Riuh Ombak dan Rindu dari Negeri Seberang Namlea, Pagi Hari di Dermaga Lokal

Disela embun yang belum habis menguap, pelabuhan lokal Namlea kembali menggeliat. Laut tenang seperti menahan napas, lalu perlahan menyerahkan dirinya pada riuh ombak kecil yang menyentuh tepian dermaga. Suara mesin perahu dari arah negeri seberang datang bergantian, membawa manusia, harapan, dan kisah yang akan ditukar di pasar hari ini.

Perempuan-perempuan tangguh dari Karang Jaya—para rongo-rongo—datang dengan bakul rotan di punggung, mengayun langkah pasti meski matahari belum sepenuhnya terbit. Di wajah mereka ada lelah yang biasa, tapi juga rindu yang tak pernah usai—rindu pada anak yang ditinggal di dusun, rindu pada dagangan yang semoga laku, dan rindu pada pagi yang selalu menunggu mereka di dermaga ini.
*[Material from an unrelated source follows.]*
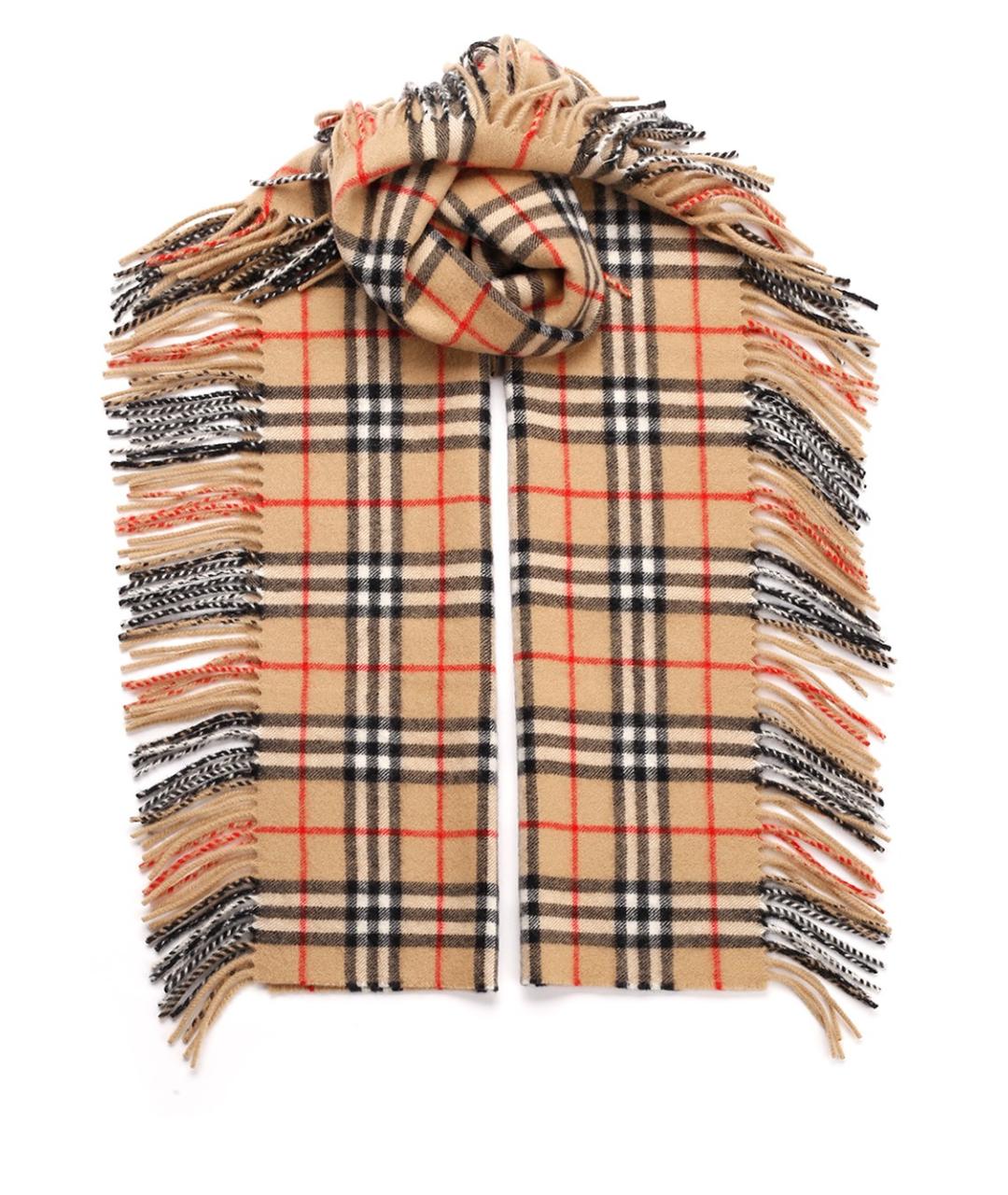 BURBERRY Мульти кашемировый шарф, фото 1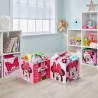 MINNIE Lot de 4 cubes de rangement et décoratifs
Namlea menyambut semua. Suara teriakan para buruh, ojek, abang becak, deru motor yang menjemput, dan bau garam yang mengendap di udara, jadi bagian dari irama pagi. Di sela semua itu, ada sapa pelan, tawa singkat, dan kadang doa yang dibisikkan diam-diam agar hari ini membawa rejeki yang cukup.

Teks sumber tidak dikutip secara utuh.